Abstract

Introduction

Related works

Integrated cybersecurity risk management (i-CSRM)

Integrated cyber security risk management tool (i-CSRMT)

Evaluation of i-CSRM

Discussion

Conclusion

Declarations

References

Abstract

     Cyber security risk management plays an important role for today’s businesses due to the rapidly changing threat landscape and the existence of evolving sophisticated cyber attacks. It is necessary for organisations, of any size, but in particular those that are associated with a critical infrastructure, to understand the risks, so that suitable controls can be taken for the overall business continuity and critical service delivery. There are a number of works that aim to develop systematic processes for risk assessment and management. However, the existing works have limited input from threat intelligence properties and evolving attack trends, resulting in limited contextual information related to cyber security risks. This creates a challenge, especially in the context of critical infrastructures, since attacks have evolved from technical to socio-technical and protecting against them requires such contextual information. This research proposes a novel integrated cyber security risk management (i-CSRM) framework that responds to that challenge by supporting systematic identification of critical assets through the use of a decision support mechanism built on fuzzy set theory, by predicting risk types through machine learning techniques, and by assessing the effectiveness of existing controls.

Introduction

     Critical infrastructures (CIs), such as energy and healthcare, heavily rely on Information and Communication Technology (ICT) to support reliable service delivery. Such integration of ICT to CIs introduces a number of advantages, such as higher degree of flexibility, scalability and efficiency in the communication and coordination of advanced services and processes. On the other hand, the increase usage of ICT in CIs creates new opportunities for cyber attacks and increases the vulnerability of those systems. Due to the importance of critical infrastructures, there are recently an increased number of attacks that are evolving in terms of sophistication, persistence and the resources that attackers have available. Such attacks consider not just the technical limitations of the relevant technologies but also the contextual information related to the critical infrastructure.

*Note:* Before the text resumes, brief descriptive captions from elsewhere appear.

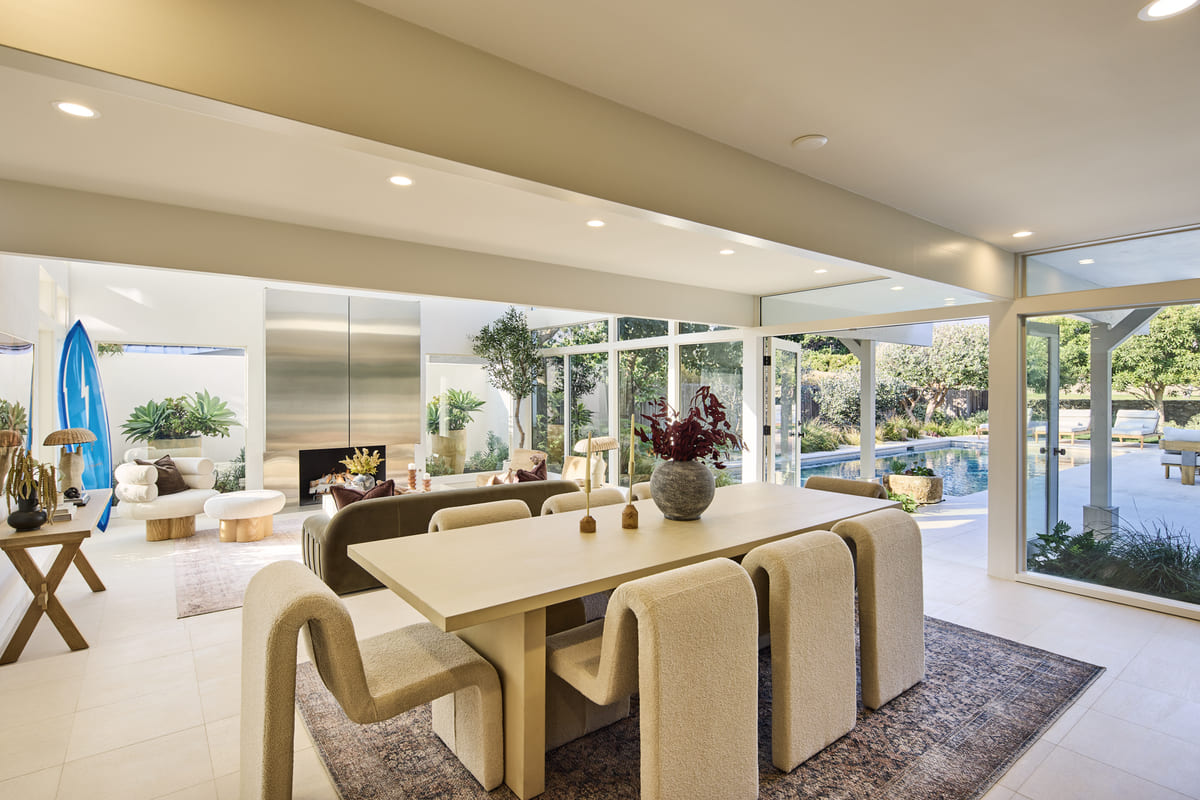Malibu Colony living area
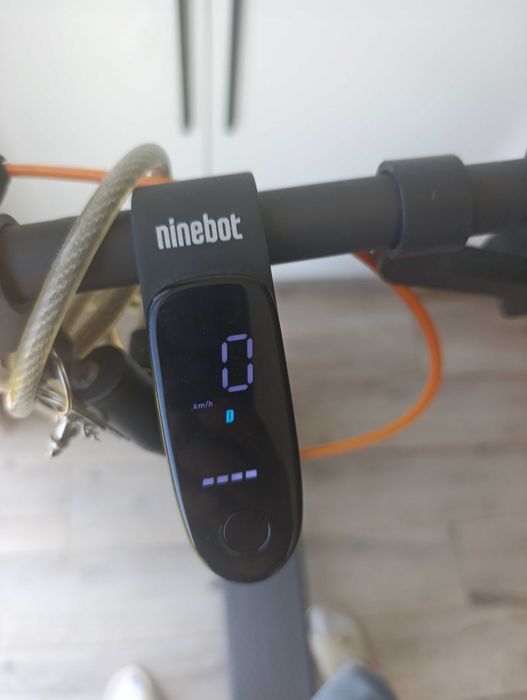 Електрически скутер Segway Ninebot F40I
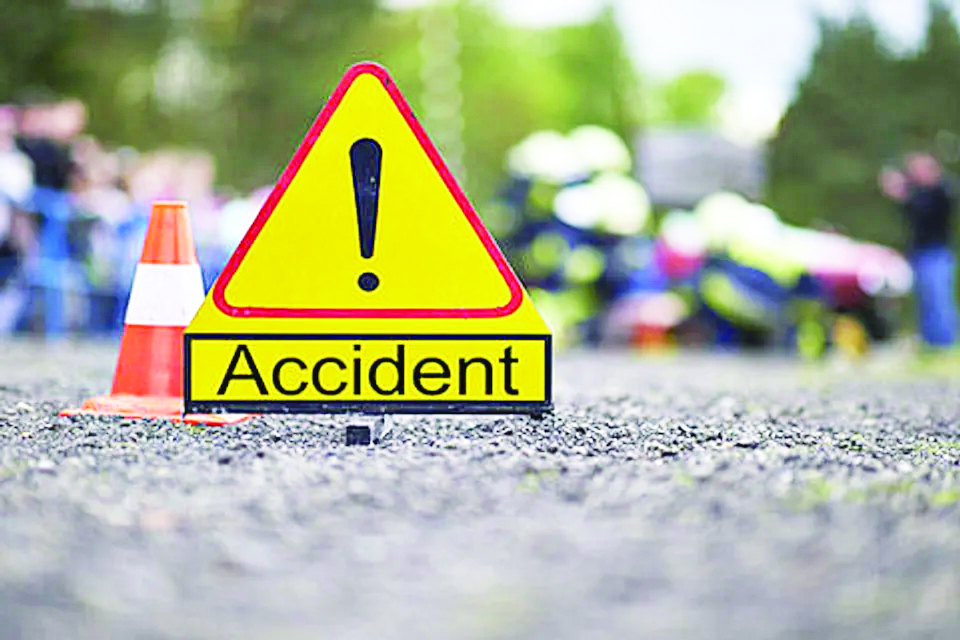16 injured in road mishap in Rajouri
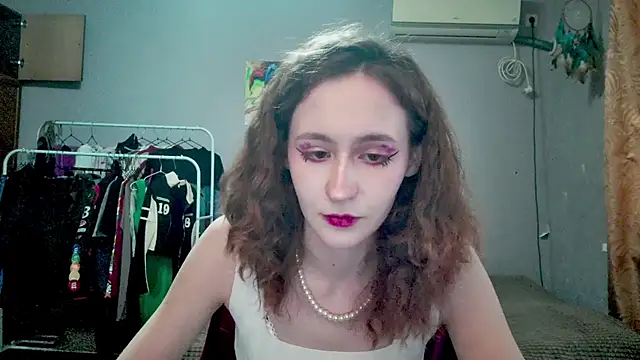 JoannaTompson online show from September 18, 2025, 3:09 am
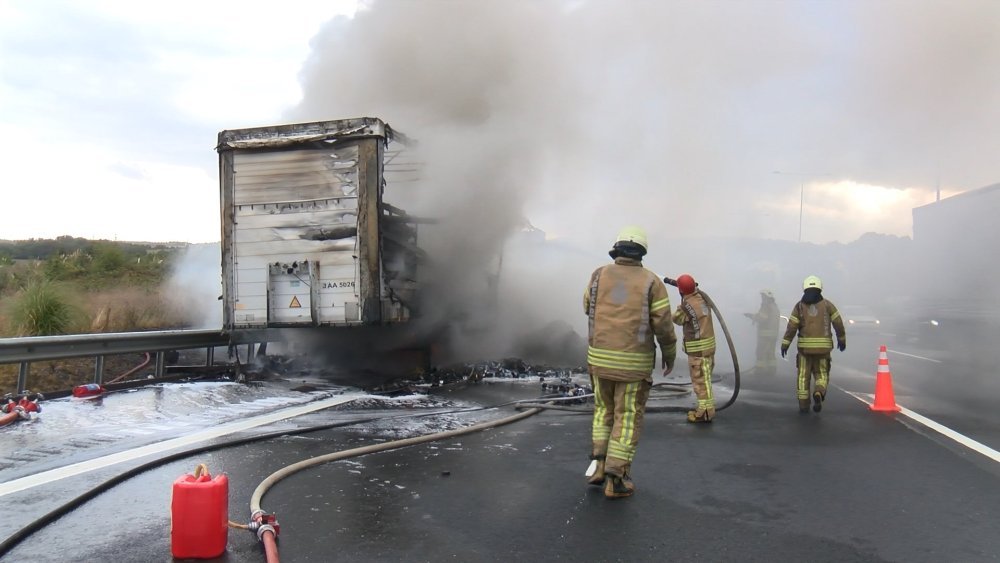 Otoyol duman altında kaldı: Görüş mesafesi düştü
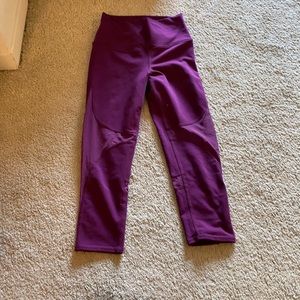 Alo maroon leggings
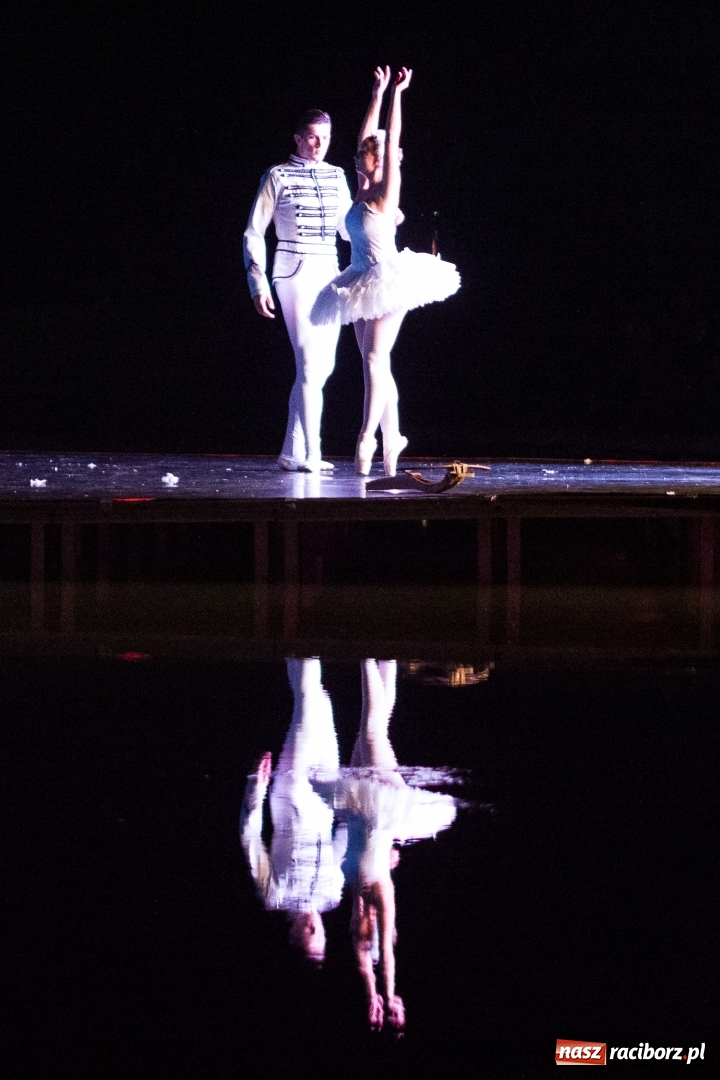 Zdjęcie w galerii na portalu naszraciborz.pl: Spektakl Zaklęty łabędź na jeziorze w Hlučínie [FOTO] wiadomości z regionu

     Despite of several existing works on cybersecurity risk management, the literature fails to present works that consider such contextual information when performing risk management for critical infrastructures. Moreover, existing works focus more on the prediction of risks and do not consider—as part of the same process—necessary controls that mitigate those risks. Our work advances the state of the art through the integration of cyber threat intelligence (CTI) to the risk management process, to understand contextual information related to the threat actor’s behaviour, tactics, techniques and procedures (TTP) and indicators. Moreover, it provides a unified process that integrates both risk prediction and risk mitigation with the aid of machine learning.

Conclusion

     Risk management is a continuous process for maintaining the effective functioning of critical assets for any organisational context. In particular, critical infrastructures need resilience for the service delivery and risk management is an essential component to achieve this. The threat landscape is constantly evolving with new techniques and more sophisticated organised attacks. Therefore, it is necessary for the risk management activities to consider the threat context to assess and manage the risks. This research proposes the integrated cyber security risk management framework (i-CSRM) that adopts various existing standards and cyber threat intelligence data for risk management. i-CSRM also includes machine learning (ML) models to predicate the risk types so that organisations can undertake the necessary proactive measures to tackle the risks. The framework also includes a tool support to automate some of the risk management activities. Finally, i-CSRM is applied in a CI-based industrial context and the results of applying the framework are very promising. Specifically the studied context was able to identify and assess risks using i-CSRM and determine the right level of control for the overall business continuity. The participants’ observation is that i-CSRM is a practical approach for the risk management, and integration of CTI makes the risk management activities more effective. We believe that the proposed i-CSRM framework, its process and supporting tool will significantly impact the cybersecurity domain and state of the art in general. The i-CSRM framework focuses only on the supervised learning method, which requires labelled dataset. As a part of our future research, we would like to deploy the i-CSRM in different CI context and implement different data sets for the risk type predication. Additionally, it is necessary to develop a checklist to make the process easy to use for risk assessment and management.